The ParallelZone Worldview

Note

TL;DR. In ParallelZone the RuntimeView instance is your handle to the runtime environment. RuntimeView is a container of ResourceSet objects. ResourceSet objects describe the resources (i.e., RAM, CPUs, GPUs, etc.) that processes have direct/local access to.

To use ParallelZone it is helpful to understand the abstraction model at a high level.

Focusing on Resources

In ParallelZone we go beyond MPI by mapping tasks/data to hardware, bypassing the rank concept to the extent possible. More specifically, in ParallelZone we start by assuming that when a multi-process program starts running there is some total set of resources (here a “resource” is a somewhat catchall term that includes CPU, GPU, memory, etc.) available to that program.
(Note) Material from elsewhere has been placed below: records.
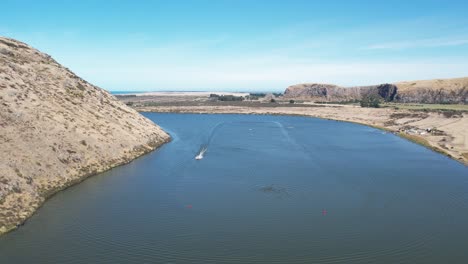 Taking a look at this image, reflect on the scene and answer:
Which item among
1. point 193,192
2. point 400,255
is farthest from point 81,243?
point 400,255

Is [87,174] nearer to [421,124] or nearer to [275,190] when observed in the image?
[275,190]

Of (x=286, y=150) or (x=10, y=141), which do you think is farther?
(x=286, y=150)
This total set of resources may or may not be all of the resources on the computer and it also may or may not be the case that ParallelZone can access all of the program’s resources. Regardless, the set of resources ParallelZone can access forms the RuntimeView.
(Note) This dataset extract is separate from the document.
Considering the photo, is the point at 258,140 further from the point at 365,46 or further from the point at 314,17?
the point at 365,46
../_images/nesting_runtime_views.png

Fig. 3 Here the blue oval depicts the total resources the program is allowed to use and the green oval shows the resources the program lets ParallelZone use. In the top scenario ParallelZone manages all of the program’s resources, whereas in the bottom scenario it manages only some of the program’s resources.

To better illustrate the relationship between the program’s total resources and the RuntimeView, Fig. 3 shows two possible ways a RuntimeView may initialized. The top scenario shown in Fig. 3 occurs when the entire program uses ParallelZone as its parallel runtime. In this scenario a job is spun up with some set of resources and ParallelZone is allowed to manage all of them (N.B., while both scenarios in Fig. 3 show ParallelZone only managing one node ParallelZone can manage multiple nodes). Another common scenario occurs when a program relying on ParallelZone is being driven by another program. In this scenario, the program has access to more resources than it shares with ParallelZone.

Programs built on ParallelZone treat RuntimeView as the full set of resources regardless of whether it is or isn’t.

Resource Affinity

Simply knowing the total amounts of resources available isn’t quite enough. We also need to know which resources the current process has an affinity for. In ParallelZone we keep this simple by partitioning each process’s resources into two sets: those it has an affinity for and those it doesn’t. The set of resources a process has an affinity for is termed that process’s ResourceSet. The ResourceSet of a process is populated with the resources in the RuntimeView which are located physically on the node where the process is running.

../_images/resourceset_mapping.png

Fig. 4 ParallelZone’s view of the runtime environment for the common scenario of one process per node.

Fig. 4 illustrates how ParallelZone sees the hardware in the runtime environment when the program has one process running on each node. In this scenario RuntimeView is managing the entire runtime environment, meaning the RuntimeView object can see both nodes. The RuntimeView is then split in to two ResourceSet instances, each instance seeing the node the current process is running on. In this scenario the ResourceSet objects are disjoint, i.e., they do not share resources.

ParallelZone does not restrict users to running one process per node. If a user runs more processes per node, then ParallelZone will give each of those processes its own ResourceSet; however, the ResourceSet objects will no longer be disjoint since each process on a node can see the same resources.

The Vision

At the moment ParallelZone’s feature set is pretty bare bones. The medium term goal is for the ResourceSet objects to have task schedulers. Users will estimate the resources needed for a task and tell a particular ResourceSet to run the task. The schedulers will automatically figure out how to best run the task based on runtime conditions. Longer term we want to take this a step further and add task schedulers to RuntimeView. The task schedulers on RuntimeView would accept task graphs and take care of assigning the tasks in the graph to the schedulers in the individual ResourceSet objects.